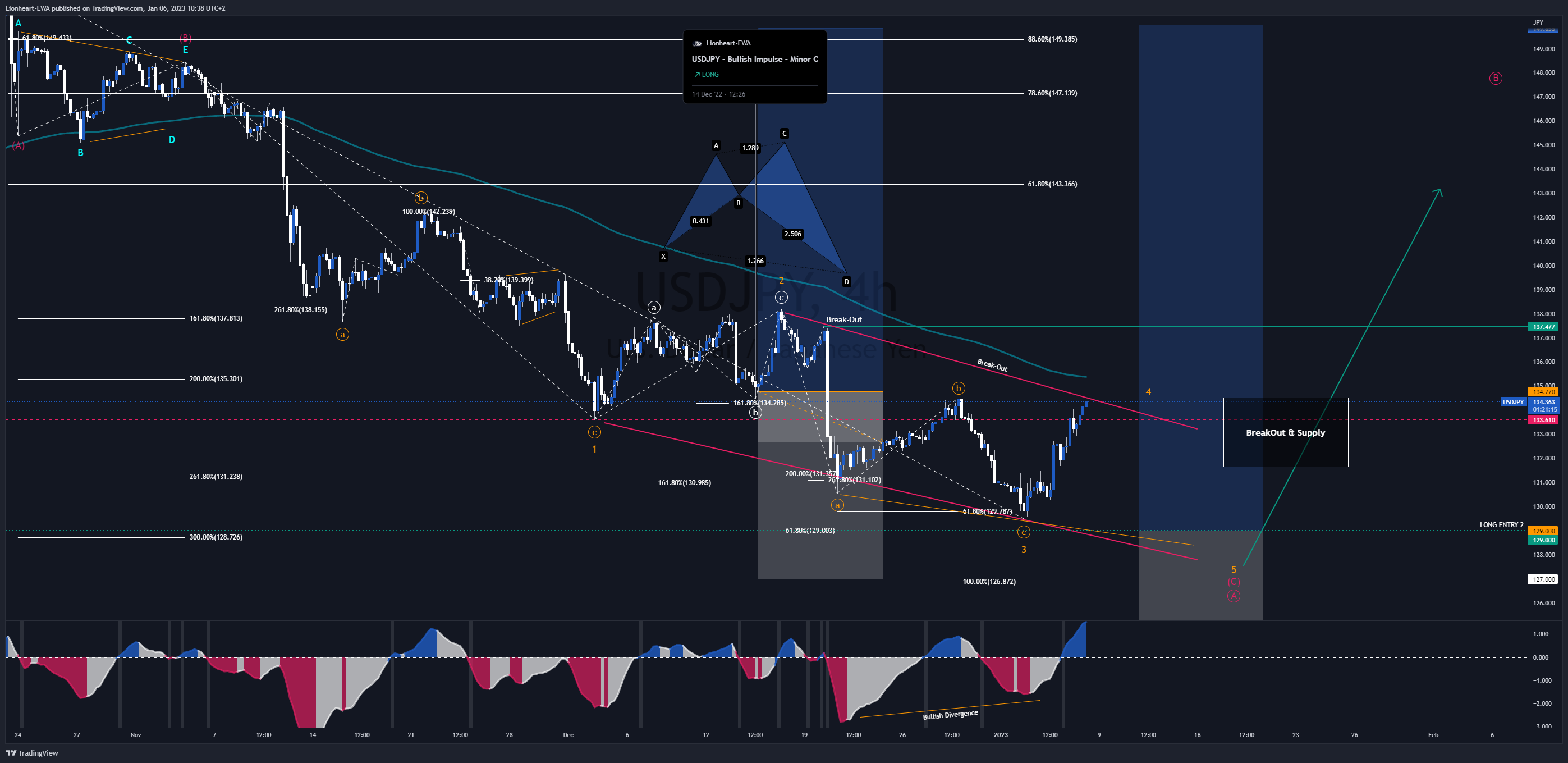 Imej Carta FX_IDC:USDJPY oleh EW4X
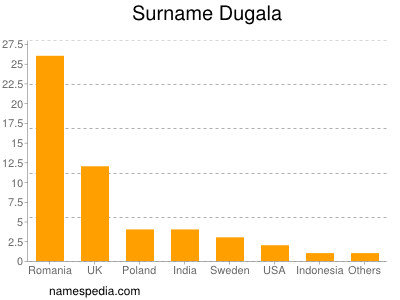 Familiennamen Dugala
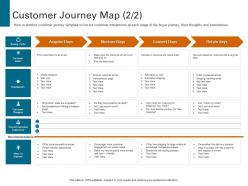Customer journey map cycle strategies to increase customer satisfaction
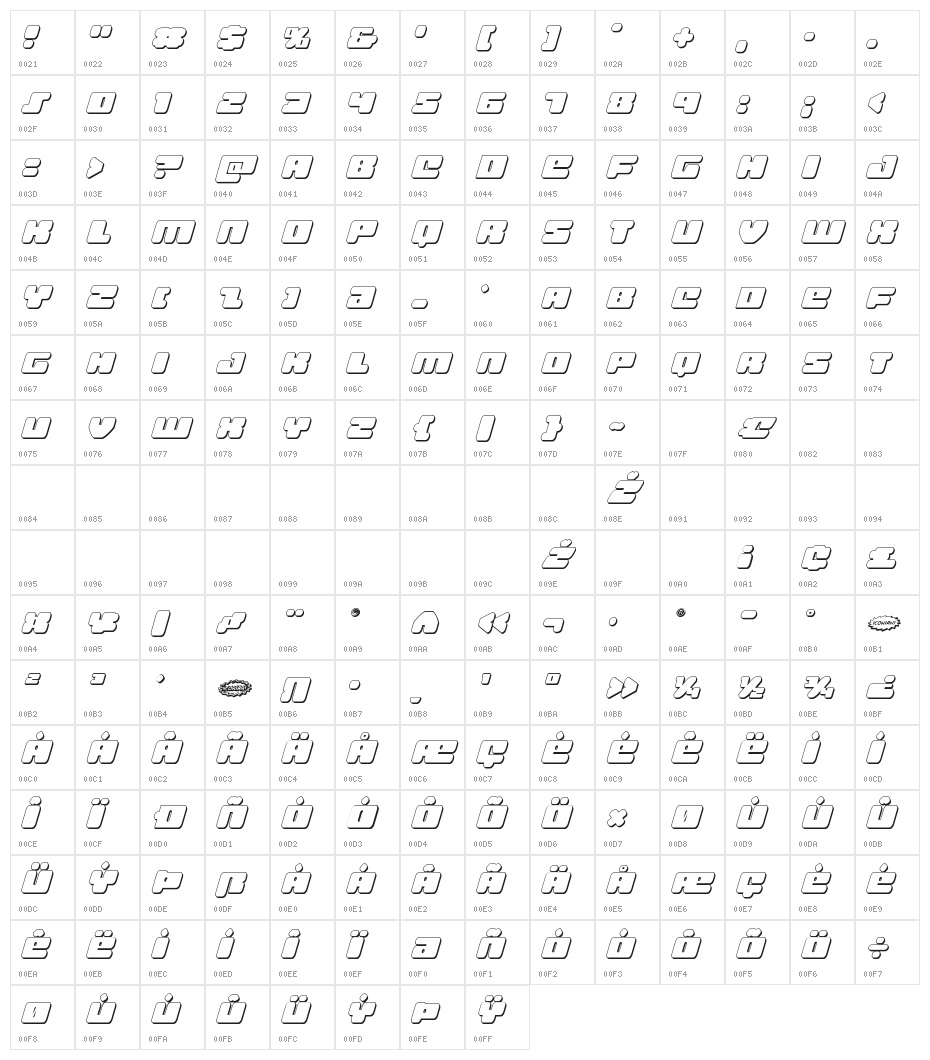 Hula Hoop Girl 3D Italic Character Map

* * *

### [DESCRIPTION OF THE TASK]
Produce an exact copy of the lines from the line with "Customer journey map" through the last line of the data above, both ends included. No pictures belong in it.

### [RESPONSE BOX]
Customer journey map cycle strategies to increase customer satisfaction
 Hula Hoop Girl 3D Italic Character Map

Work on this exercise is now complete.